You describe your model-dependent workflow once in `driftless.yml`: how to
run it, how to override the model, which files may be edited, and what quality
thresholds must hold. `driftless` orchestrates *your* workflow under
different models, compares results, repairs allowed files, validates on
holdout, and opens a PR with the evidence.

The customer owns the workflow. The tool orchestrates it.

Not a classifier? Choose a grading mode that fits the task — the same loop then
optimizes against it, with your team owning the definition of "good":

- **`eval.score_field` / `eval.pass_field`** — your command emits a numeric score
  or a pass/fail per record (works for any task: summarization, codegen, agents).
- **`eval.fields`** — structured extraction, scored per field with
  precision/recall/F1 against the gold record.
- **`eval.judge`** — an LLM judge grades each free-form output against a rubric
  (with an optional human-scored calibration set for a judge-agreement check).
  Run `driftless judge-check -w <workflow>` before optimizing; set
  `max_mae` / `min_correlation` in the contract to gate `migrate` / `compare`.

## CLI

| Command | Purpose |
|---|---|
| `init` | Scaffold a `driftless.yml`. |
| `init-policy` | Scaffold a `.driftless/policy.yml` (when to migrate). |
| `init-ci` | Scaffold `.github/workflows/` for scan, migrate, refine, poll, plan, label audit, and judge check. |
| `scan` | Find probable LLM usage and at-risk models. |
| `plan` | Discover at-risk workflows and apply the migration policy (CI triage). |
| `plan --act` | Migrate + open a PR/issue for every actionable trigger (close the loop). |
| `configure <workflow>` | Turn a detected workflow into a migration-ready contract. |
| `calibrate -w <w>` | Measure the baseline and suggest starting thresholds. |
| `compare -w <w> --to <model>` | Baseline vs target scorecard. |
| `migrate -w <w> --to <model>` | Repair + validate + produce migrated files. |
| | `--strict-label-audit` warns/blocks on duplicate-label conflicts. |
| `refine -w <w>` | Re-optimize the prompt for a changed eval dataset (model pinned). |
| `poll [--act]` | Detect external eval-dataset changes and refine on a meaningful change. |
| `validate -w <w>` | Check the contract parses and the harness runs. |
| `judge-check -w <w>` | Measure judge↔human agreement on a calibration set (`--enforce` to gate). |
| `audit-labels -w <w>` | Find duplicate inputs with disagreeing gold labels (`--fail` for CI). |
| `report` | Render the latest migration report. |
| `view` | Open the optimization run viewer (charts + attempt log). |
| `open-pr -w <w>` | Open a PR (or issue) from the latest migration result. |

## Configuring *when* to migrate

`plan` reads an optional `.driftless/policy.yml` — the "dependabot.yml" layer.
Scaffold it with `driftless init-policy`; every field matches a default, so an
empty file behaves like no file.
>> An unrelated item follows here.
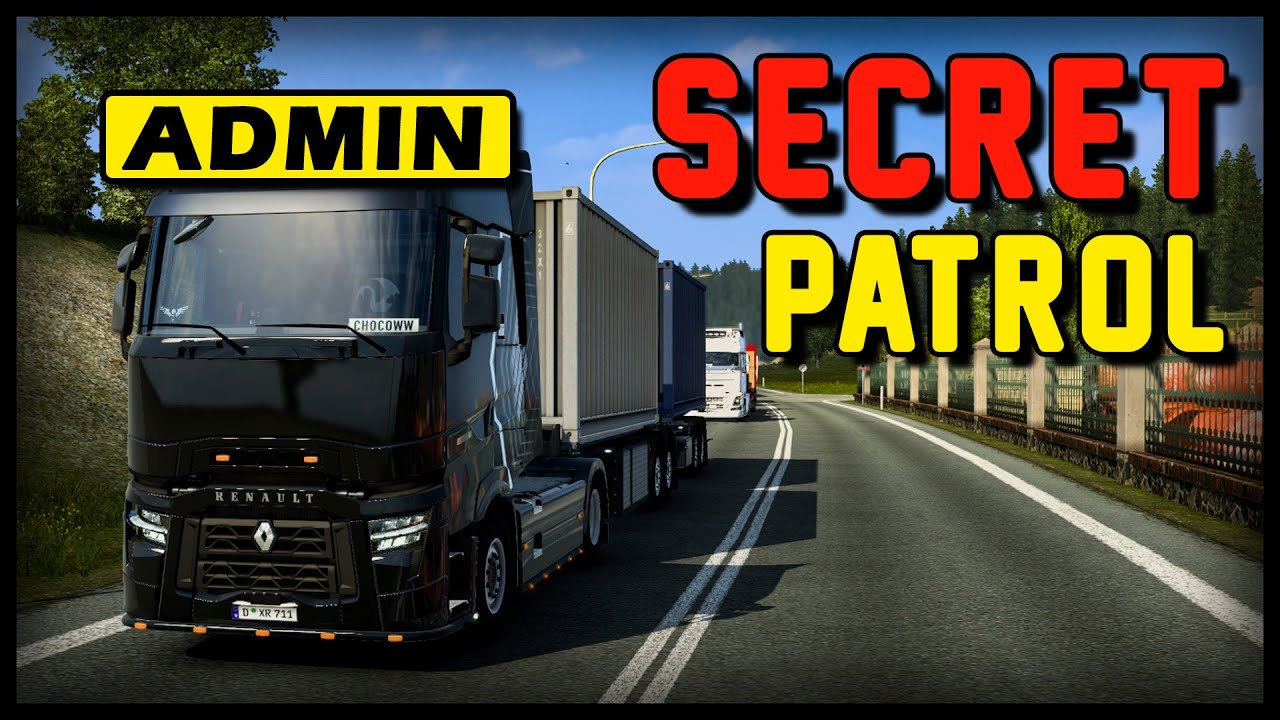 Calais-Duisburg as an ADMIN | TruckersMP Game Moderator Patrol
It controls which triggers are enabled
(`deprecation` is on and forced; `cost`/`quality`/`new_model` are opportunistic),
the thresholds a candidate must clear (`min_savings_pct`, `min_gain`), a
`cooldown_days` to skip freshly-released models, candidate `allow`/`deny` globs,
and an `ignore` list to snooze specific models or moves. The engine still decides
whether a candidate actually passes *your* eval — policy only decides whether to
propose it.

## GitHub-native usage

A composite GitHub Action (`action.yml`) wraps the CLI so scans and migrations
can run in CI. See `.github/workflows/` for a scheduled deprecation scan, weekly
`plan --act` triage, and manually-triggered migration workflows.

```yaml
- uses: driftless-dev/driftless@v0.2.12
  with:
    command: scan
```

## Documentation

- [Release process](./docs/RELEASE.md) — changelog, tagging, GitHub Releases, PyPI.
- [Changelog](./CHANGELOG.md) — version history.
- [Repair prompts & custom generators](./docs/repair-and-generators.md) — customize
  the LLM repair prompt or plug in your own patch generator.
- [Run viewer](./site/runs.html) — inspect optimization attempts, metrics, and diffs.